Appellee filed bill of complaint seeking to enjoin the enforcement of a zoning ordinance as to certain described property.

Appellee filed motion to dismiss and motion for compulsory amendment in two particulars and for reasons stated as follows:

1. "To amend the bill of complaint so as to show the date upon which the plaintiff acquired the property involved in this cause, on the following grounds:

"(a) That the defendant is entitled to know at what *147 time the plaintiff acquired the property described in the bill of complaint so as to prepare its answer to said bill.

"(b) So as to show whether or not the plaintiff acquired its property at a time when the plaintiff had actual or constructive knowledge of the restrictive measures of the defendant's zoning ordinance complained of in said bill.

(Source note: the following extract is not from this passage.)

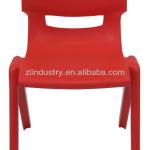 Plastic stackable waiting chair 02-01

"2. By attaching to said bill of complaint copies of the deeds by which the plaintiff acquired title to said properties described in the bill of complaint, upon the following grounds:

"(a) That the court and the defendant are entitled to have the said deeds before them in consideration of this cause.

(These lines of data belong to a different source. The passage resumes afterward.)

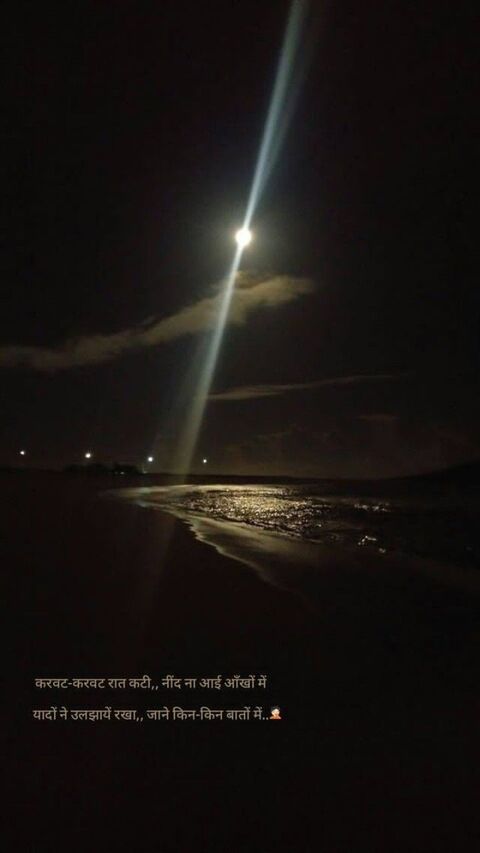 Image 1603439 — Fitness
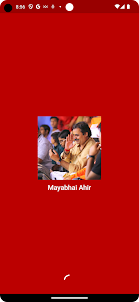 Mayabhai Ahir Official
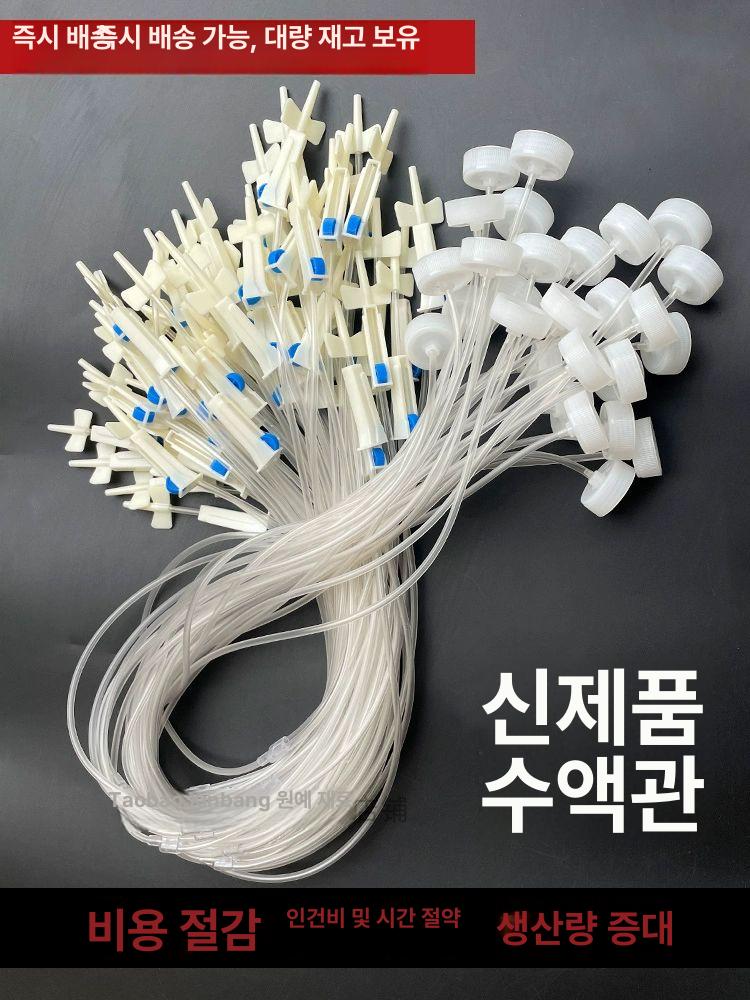과수원 수간주사기 튜브 주입기 나무주사기 영양액 원예 확장형 1.2m 튜브 1줄 - 상세 이미지 5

"(b) Upon the grounds that the said deeds, as a matter of law, would show whether or not plaintiff took title to the property subject to the restrictions of the defendant's zoning ordinance.

"(c) Upon the grounds that in order to enable the defendant to properly plead in this matter, the deeds conveying the property involved in this cause should be made a part of the record in the bill of complaint so as to show to the defendant under what conditions and to what period of time the plaintiff took title to the property involved in this cause."

The bill of complaint was not without equity and, therefore, motion to dismiss was properly denied.

We find no merit in the contention that the chancellor committed error in denying motion to require compulsory amendment.

Complainant is not required to plead his evidence. Nor is a purchaser of property affected by a zoning ordinance precluded to challenge the validity of the ordinance. *148

The entire record discloses no reversible error. So the challenged order is affirmed.

So ordered.

Affirmed. BROWN, C. J., WHITFIELD, TERRELL and BUFORD, J. J., concur.